I was playing around with this appliciation which lets you see Instagram images collected in a collage, based on a hashtag. I’ve always thought of Instagram as something more than just a bunch of hipters taking photos with excessive filtering. Social photo-taking provides us with tons of evidence about how people are affected by urban settings through the angles their photos take and what they decide is photo-worthy.

I thought it could really be interesting if planners and architects used these tools to get an impression of how people are viewing monuments and buildings: what parts of the monument are the most interesting? What do these buildings actually look like? It really gets down to the question of what the ‘important’ sides of buildings are to people.

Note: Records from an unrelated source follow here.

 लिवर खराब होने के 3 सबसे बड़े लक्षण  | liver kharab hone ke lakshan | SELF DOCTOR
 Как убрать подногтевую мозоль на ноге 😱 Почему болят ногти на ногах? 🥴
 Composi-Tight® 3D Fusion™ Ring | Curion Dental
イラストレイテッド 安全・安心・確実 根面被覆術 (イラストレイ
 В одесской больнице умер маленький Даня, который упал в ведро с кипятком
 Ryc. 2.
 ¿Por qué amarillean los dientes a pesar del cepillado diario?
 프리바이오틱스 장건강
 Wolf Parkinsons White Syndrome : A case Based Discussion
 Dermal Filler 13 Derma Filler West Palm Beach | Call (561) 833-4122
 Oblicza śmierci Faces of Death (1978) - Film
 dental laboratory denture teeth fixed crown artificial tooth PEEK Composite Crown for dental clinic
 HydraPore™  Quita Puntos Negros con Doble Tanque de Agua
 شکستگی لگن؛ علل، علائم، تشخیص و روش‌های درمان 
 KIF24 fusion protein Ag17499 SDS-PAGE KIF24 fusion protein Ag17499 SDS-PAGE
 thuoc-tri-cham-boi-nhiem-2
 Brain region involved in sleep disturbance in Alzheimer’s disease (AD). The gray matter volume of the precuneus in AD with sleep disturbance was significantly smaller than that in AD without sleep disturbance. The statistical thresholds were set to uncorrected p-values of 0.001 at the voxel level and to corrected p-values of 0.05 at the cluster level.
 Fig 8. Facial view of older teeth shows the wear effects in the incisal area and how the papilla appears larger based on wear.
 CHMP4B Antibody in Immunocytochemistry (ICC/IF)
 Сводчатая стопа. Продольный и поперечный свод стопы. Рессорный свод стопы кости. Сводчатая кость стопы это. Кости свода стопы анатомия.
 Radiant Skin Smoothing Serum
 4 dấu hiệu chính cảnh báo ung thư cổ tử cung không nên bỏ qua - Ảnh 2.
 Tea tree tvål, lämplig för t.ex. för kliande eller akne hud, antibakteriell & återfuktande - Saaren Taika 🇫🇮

So I took a look at the CN tower hashtag (#cntower). In the images below, we start to see that people generally like taking photographs of the tower in very particular angles.

View 1. The CN Tower from below: (itsdestinybb, reiitakeii, michellestaceyqueenofcanada, hahavix, rossvernal, rdmist)

CNtower - bottom up


View 2. At Night (staceyark, andie483, athenski, pavleenka, philupontacos, katethacker123):

CNtower - Night


View 3. On the road (Mrsdjoseph, indigamie, ashleyshowcase, gcgiannyboy, ladydannielle, damanbeatty):

CNtower - on the road


View 4. Skyline (agarmtz, marketink, complete_vip_services, mashq, sachaleclair):

CNtower - Skyline


View 5. Peeping (anarkiti, urbanminerals, rdubwoyto, _whiskeymouth, johnny_x, matmasaro):

CNtower - Peeking


Synthesis. abstracting forms – is this what Toronto’s subconsious looks like?

CNTower Subconsious

  1. Juliana said:

    This is a really interesting idea, for planners to take all of this user-generated data to understand the built environment. Any ideas if this is being done?

    • Sheraz said:

      No, actually I’ve been searching for something like this! I think it’s a really cool idea, but sometimes I feel like planners are a bit old fashioned haha.

      It’s also tough, data like this is only relevant for the most popular buildings (like the CN Tower, city hall etc, here in Toronto). Pros and cons.

      Glad you liked the post though :)!

      • Juliana said:

        As I’ve thought more about this, I remembered an exhibit that was done in Lubjana, Slovenia. It was at the national museum on how the capital was viewed through instagram photos and it involved an interactive element.
        At least there, the government stake holders seemed to be aware of how those photos represented some meaning of the city. While not quite the same way as what you were discussing…it seems like it could be a way to understand how people are viewing and interacting with space.